■ Work required
Starting with the line that has "Здесь и сейчас." and finishing with the line that has "智能手机：智能手机新功能丨在农村，农民如何用手机测量自家耕", set down each line below exactly. Pictures are not copied.

■ Data for review
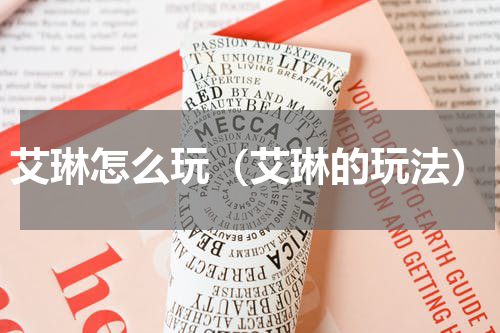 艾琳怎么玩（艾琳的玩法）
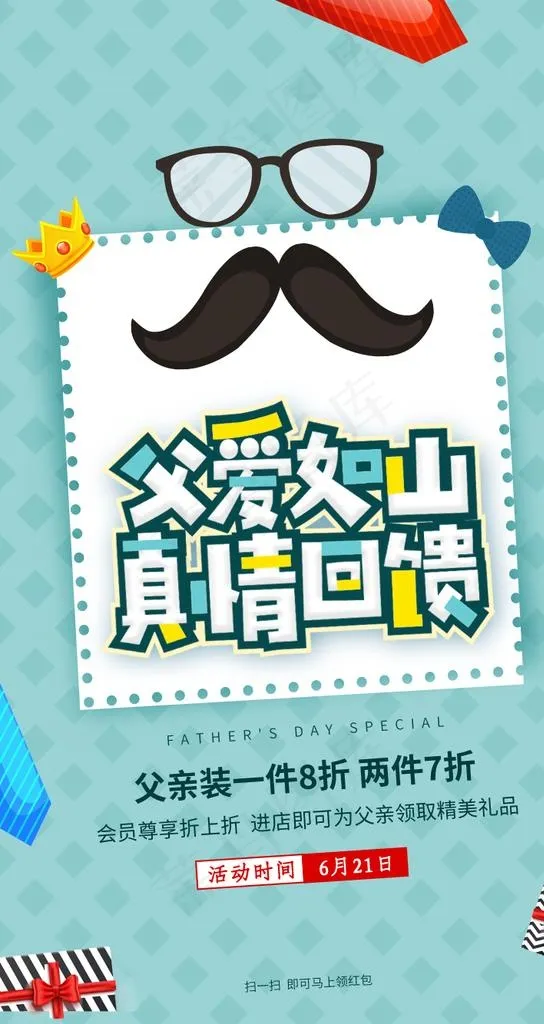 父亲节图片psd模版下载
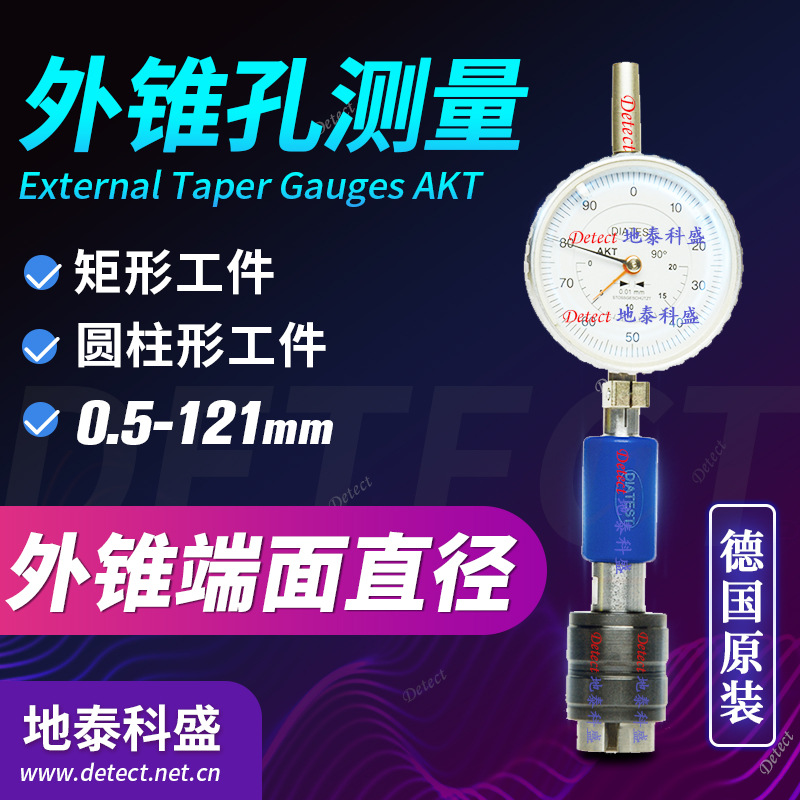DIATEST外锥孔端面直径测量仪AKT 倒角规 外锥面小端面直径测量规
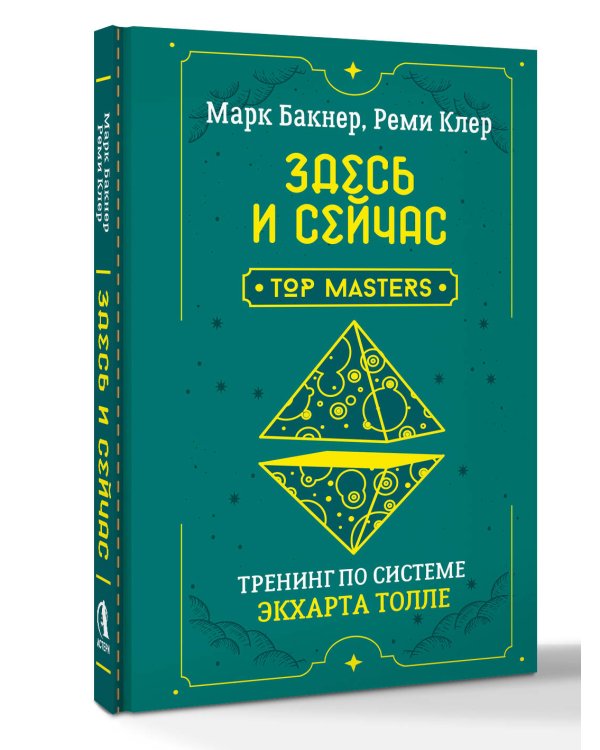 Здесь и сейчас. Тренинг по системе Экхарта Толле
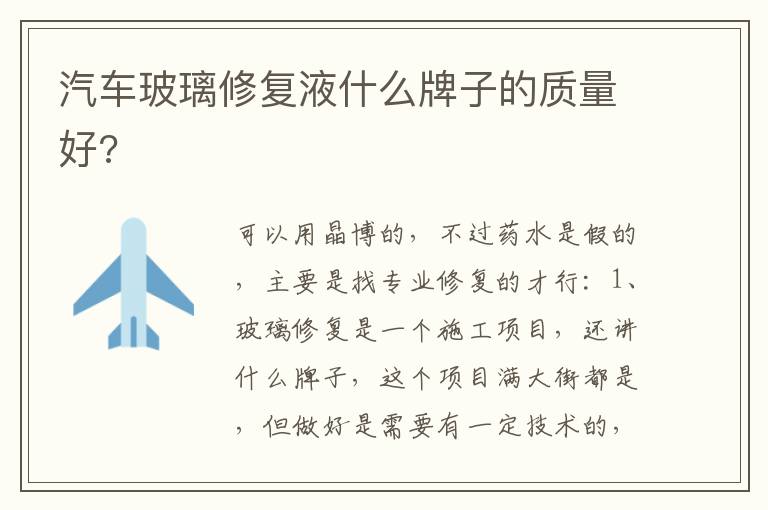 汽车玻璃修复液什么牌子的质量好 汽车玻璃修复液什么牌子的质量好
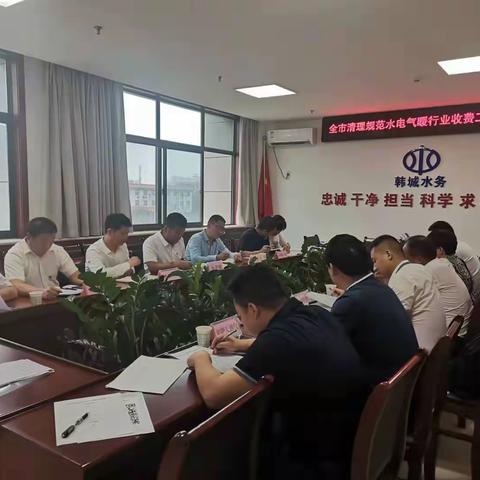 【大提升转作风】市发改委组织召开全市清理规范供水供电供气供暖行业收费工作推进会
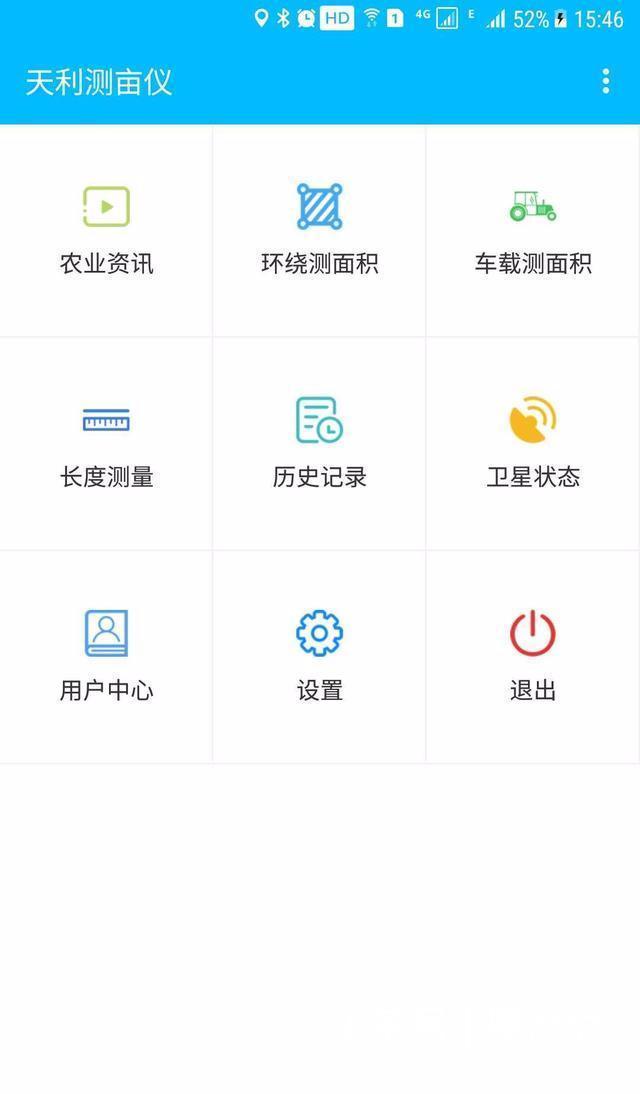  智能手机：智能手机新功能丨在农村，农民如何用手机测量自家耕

==

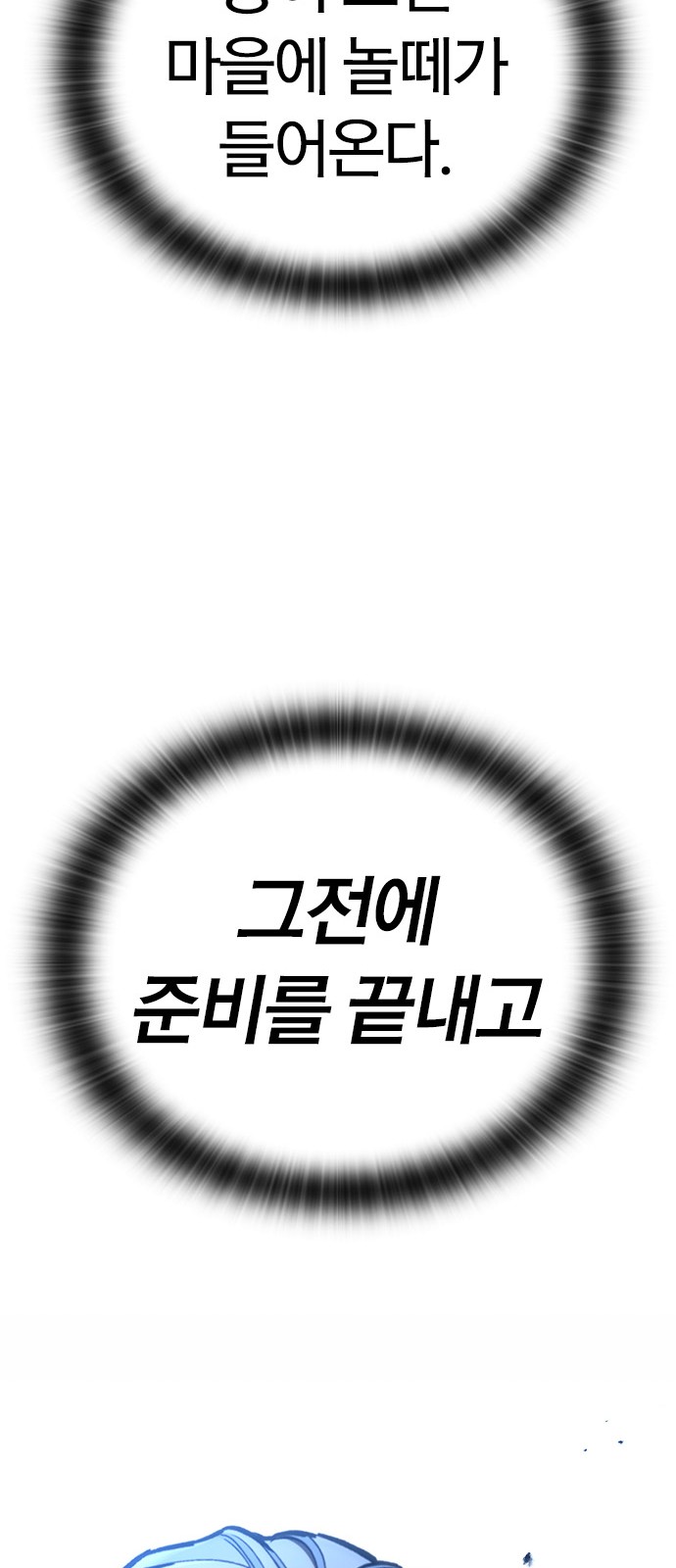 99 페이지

■ Answer below
 Здесь и сейчас. Тренинг по системе Экхарта Толле
 汽车玻璃修复液什么牌子的质量好 汽车玻璃修复液什么牌子的质量好
 【大提升转作风】市发改委组织召开全市清理规范供水供电供气供暖行业收费工作推进会
  智能手机：智能手机新功能丨在农村，农民如何用手机测量自家耕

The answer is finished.